First the topology: using the usual $\displaystyle \mathbb{S}^3$ topology on SU(2) (union of two overlapping 3-balls $\displaystyle U_1, U_2$) and the discrete topology on $\displaystyle \mathbb{Z}_2$, we can make G into a compact topological group using the product topology. But is it connected? In the product topology we have two open sets $\displaystyle (U_1\cup U_2,0)$ and $\displaystyle (\emptyset,1)$ which are disjoint and nonempty, so that means this is a disconnected space, right? It seems like it is LOCALLY connected, however.

Now the tricky part: Is it still a smooth manifold, like SU(2)? At first it seems like no, but if I want to make this a gauge group then we must be able to define a derivative (and holonomy) on it. So thinking just something like

$\displaystyle \mathrm{d}(g(x),e)=(\mathrm{d}g(x),e)$,

with the usual derivative. This certainly seems to satisfy Leibnitz so perhaps it is the correct thing. My question is can anyone see an obvious problem with how I define the derivative?

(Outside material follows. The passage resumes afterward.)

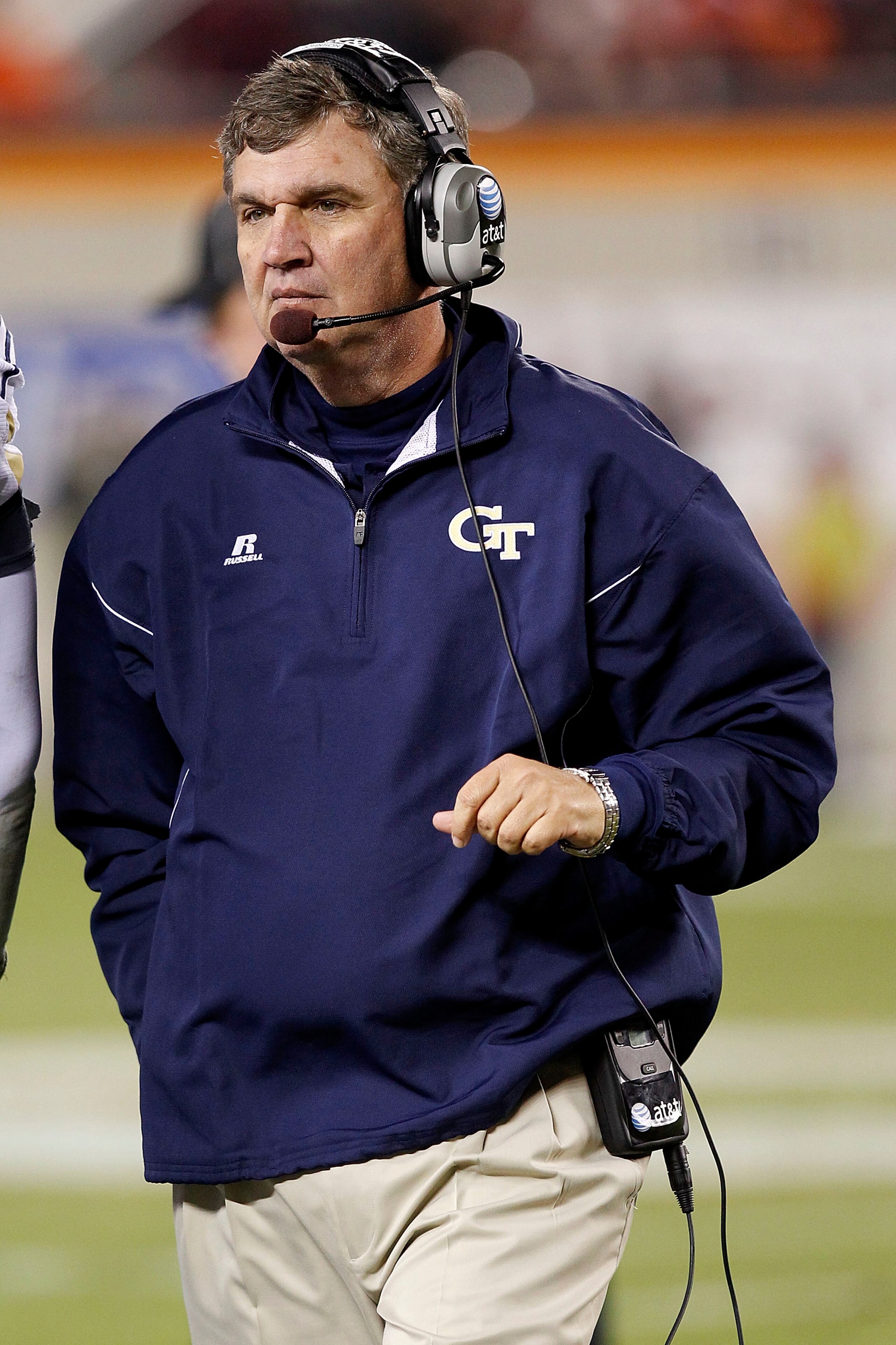 BLACKSBURG, VA - NOVEMBER 04: Head coach Paul Johnson of the Georgia Tech Yellow Jackets stands on the sidelines against the Virginia Tech Hokies at Lane Stadium on November 4, 2010 in Blacksburg, Virginia. (Photo by Geoff Burke/Getty Images) BLACKSBURG, VA - NOVEMBER 04: Head coach Paul Johnson of the Georgia Tech Yellow Jackets stands on the sidelines against the Virginia Tech Hokies at Lane Stadium on November 4, 2010 in Blacksburg, Virginia. (Photo by Geoff Burke/Getty Images)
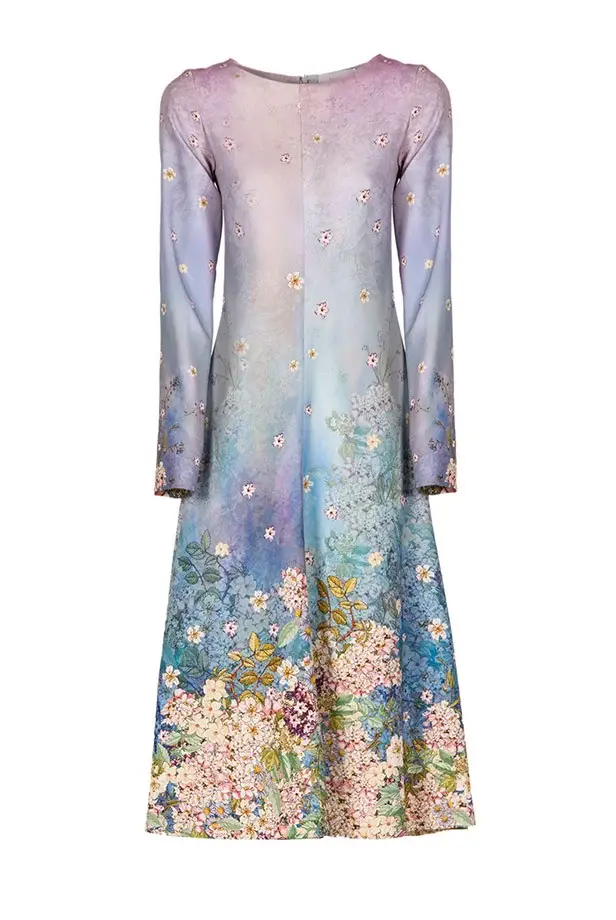 Luisa Beccaria Abito midi in cady stampato floreale Vendite Flash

I think it just corresponds to saying "G is a 1-parameter group because the $\displaystyle \mathbb{Z}_2$ part does not depend on the parameter". In other words,

$\displaystyle (g,e)(x)=(g(x),e)$.

So I guess the problem is that I'm not sure if I'm broken the group structure or not - to me it seems like no but I need some more intelligent eyes to verify that :-). However, if the above makes sense then I'm pretty ok with going on to define the holonomy and all that which is required for the rest of my analysis.

So, there are three questions up there, with my answers which I need to verify:

1. Is G connected? No.

2. Is G locally connected? Yes.

3. Is G a smooth manifold? Yes, under the construction above.

Thus, G is a disconnected but locally connected smooth manifold. Thoughts?